__Task description__
An exact repetition of the data is required; no picture should appear in it.

__Stored data__
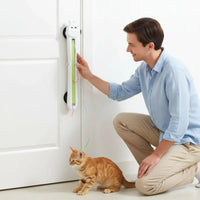 SmartSpin Automatic Cat String Toy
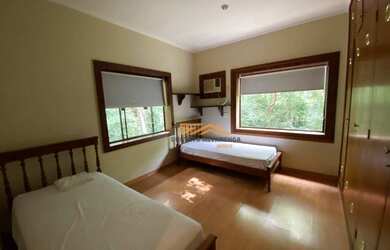 Imagem 16: Chácara com 5 dormitórios, 3100 m² - venda por R$ 2.900.000 ou aluguel...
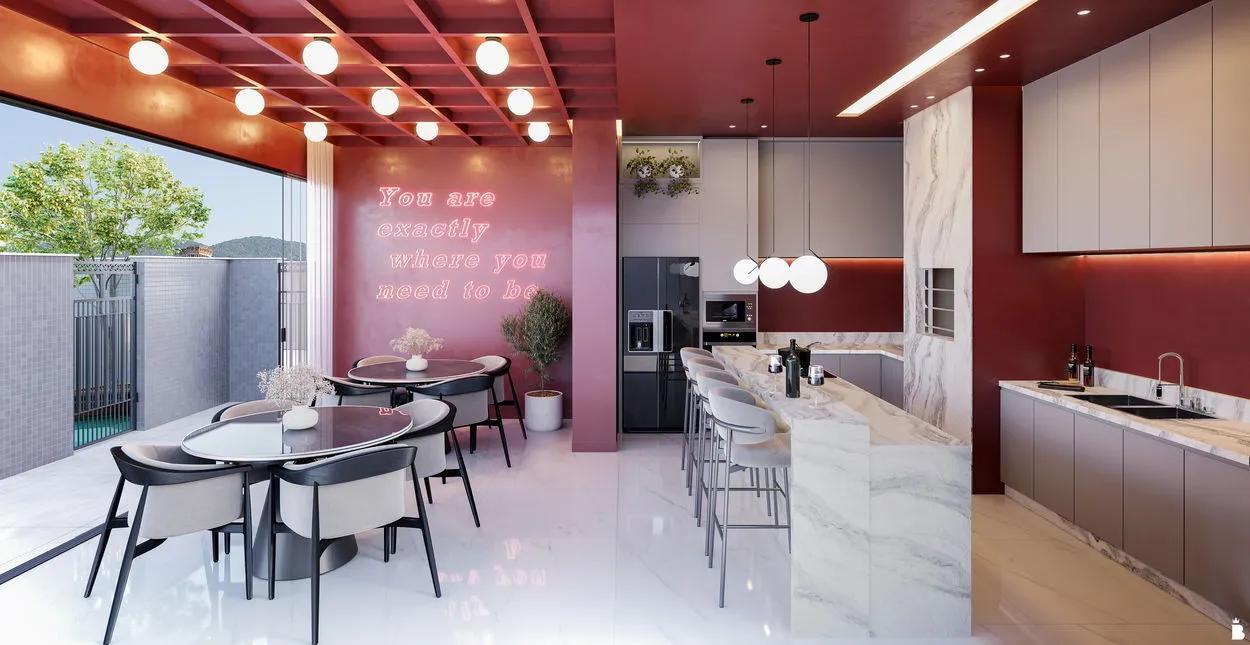 Rubelita Palace Residence - Branco Empreendimentos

__Task result__
 SmartSpin Automatic Cat String Toy
 Imagem 16: Chácara com 5 dormitórios, 3100 m² - venda por R$ 2.900.000 ou aluguel...
 Rubelita Palace Residence - Branco Empreendimentos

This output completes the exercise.